→ The task
Below are records with pictures. Reproduce exactly the lines from the line with "Volkswagen Golf 1.5" to the line with "- โครงการรัชดานิเวศน์ ถนนรัชดาภิเษก", inclusive, and leave each picture out.

→ Records for this exercise
↓↓↓
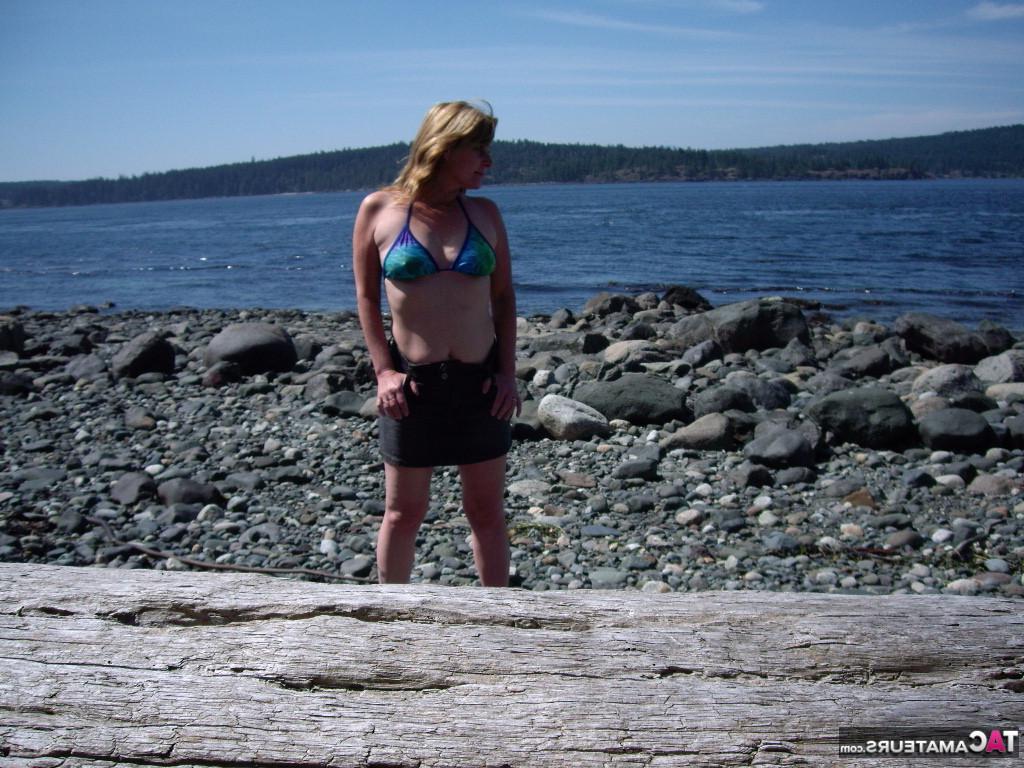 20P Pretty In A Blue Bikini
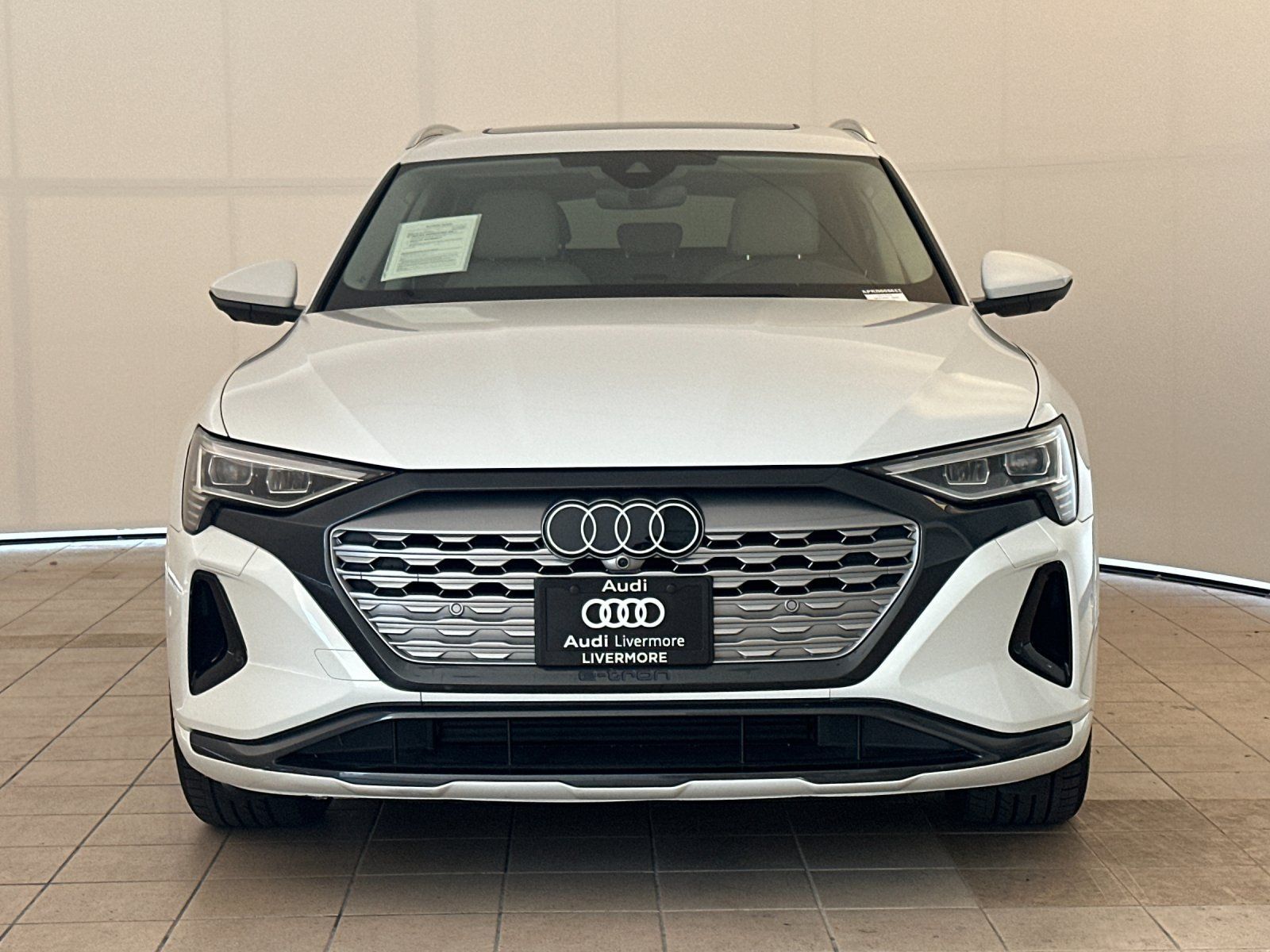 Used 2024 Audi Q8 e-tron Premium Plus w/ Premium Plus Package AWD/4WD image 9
↑↑↑
↓↓↓
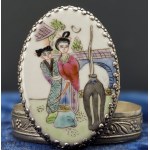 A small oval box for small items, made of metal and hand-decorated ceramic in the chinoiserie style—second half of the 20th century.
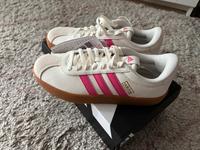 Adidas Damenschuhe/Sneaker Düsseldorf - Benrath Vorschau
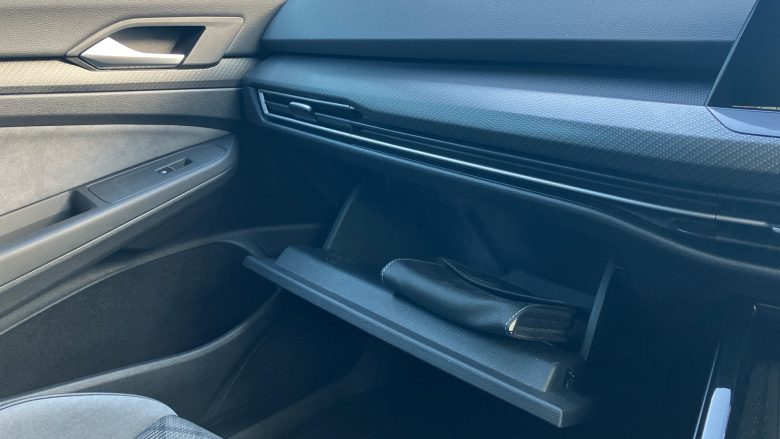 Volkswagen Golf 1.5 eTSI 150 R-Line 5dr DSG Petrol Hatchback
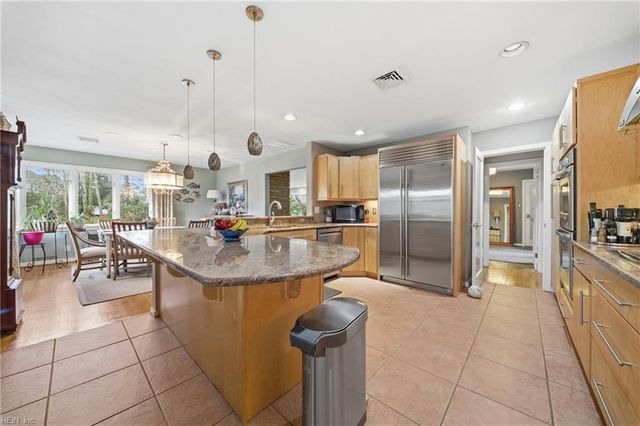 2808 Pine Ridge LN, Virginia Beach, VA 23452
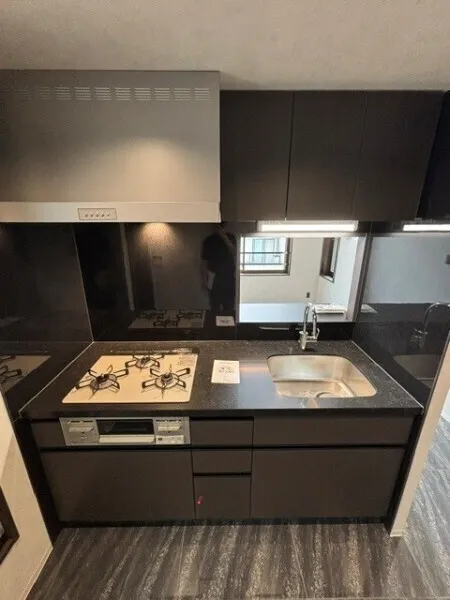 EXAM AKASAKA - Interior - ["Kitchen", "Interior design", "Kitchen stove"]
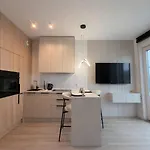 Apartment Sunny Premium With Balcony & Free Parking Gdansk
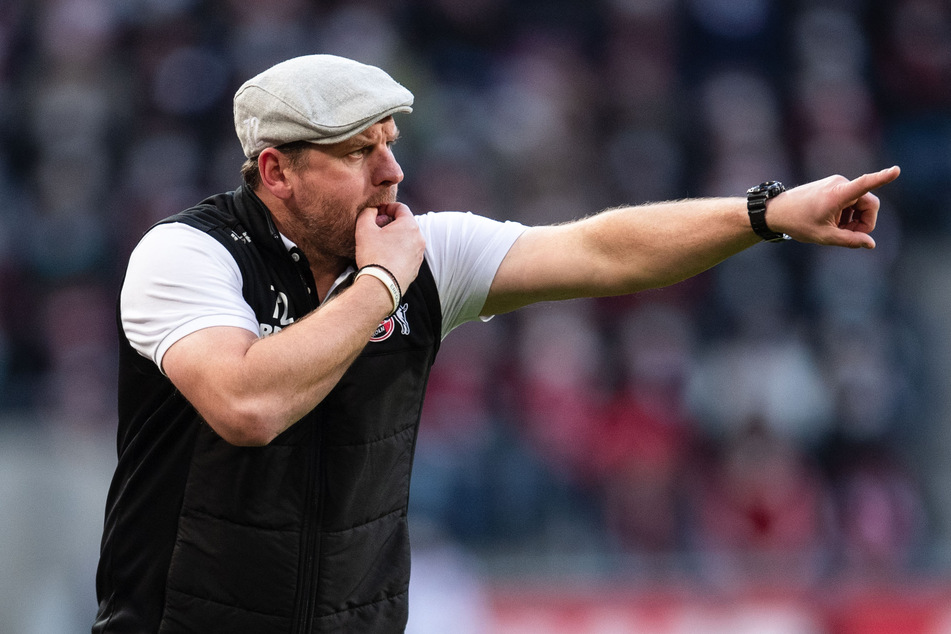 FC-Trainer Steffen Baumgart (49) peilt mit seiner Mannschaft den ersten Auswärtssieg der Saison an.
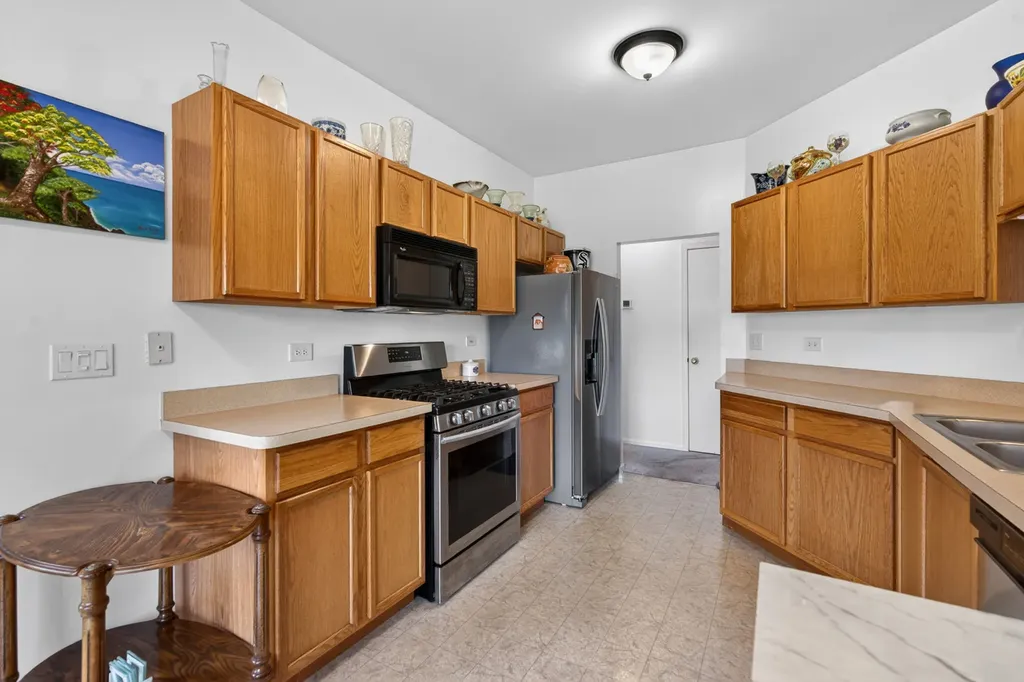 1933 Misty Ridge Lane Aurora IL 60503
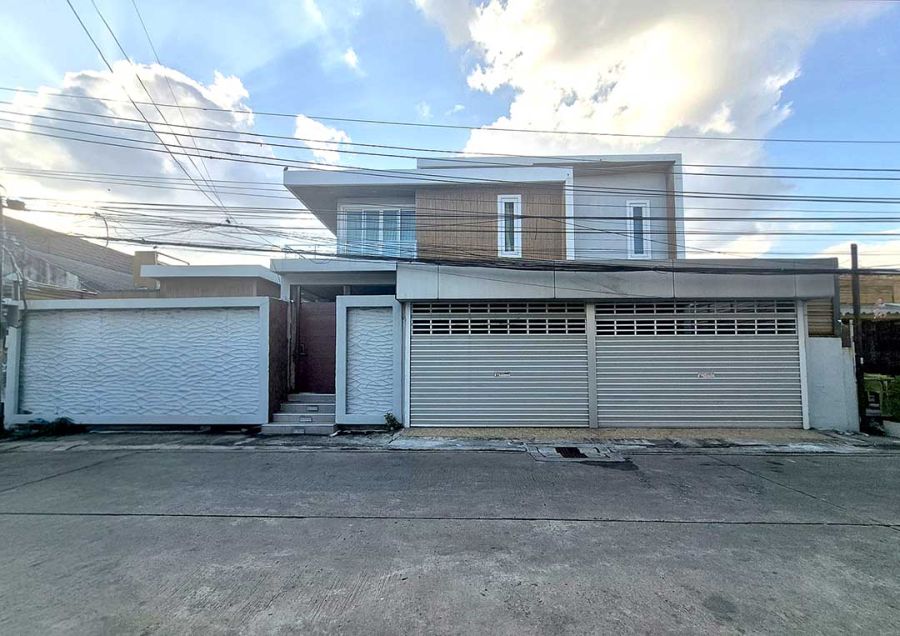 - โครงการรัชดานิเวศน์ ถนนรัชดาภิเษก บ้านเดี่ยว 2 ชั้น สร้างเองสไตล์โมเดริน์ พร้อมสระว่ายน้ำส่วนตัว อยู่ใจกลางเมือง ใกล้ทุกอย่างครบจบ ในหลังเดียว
↑↑↑
→ Final answer
 Volkswagen Golf 1.5 eTSI 150 R-Line 5dr DSG Petrol Hatchback
 2808 Pine Ridge LN, Virginia Beach, VA 23452
 EXAM AKASAKA - Interior - ["Kitchen", "Interior design", "Kitchen stove"]
 Apartment Sunny Premium With Balcony & Free Parking Gdansk
 FC-Trainer Steffen Baumgart (49) peilt mit seiner Mannschaft den ersten Auswärtssieg der Saison an.
 1933 Misty Ridge Lane Aurora IL 60503
 - โครงการรัชดานิเวศน์ ถนนรัชดาภิเษก บ้านเดี่ยว 2 ชั้น สร้างเองสไตล์โมเดริน์ พร้อมสระว่ายน้ำส่วนตัว อยู่ใจกลางเมือง ใกล้ทุกอย่างครบจบ ในหลังเดียว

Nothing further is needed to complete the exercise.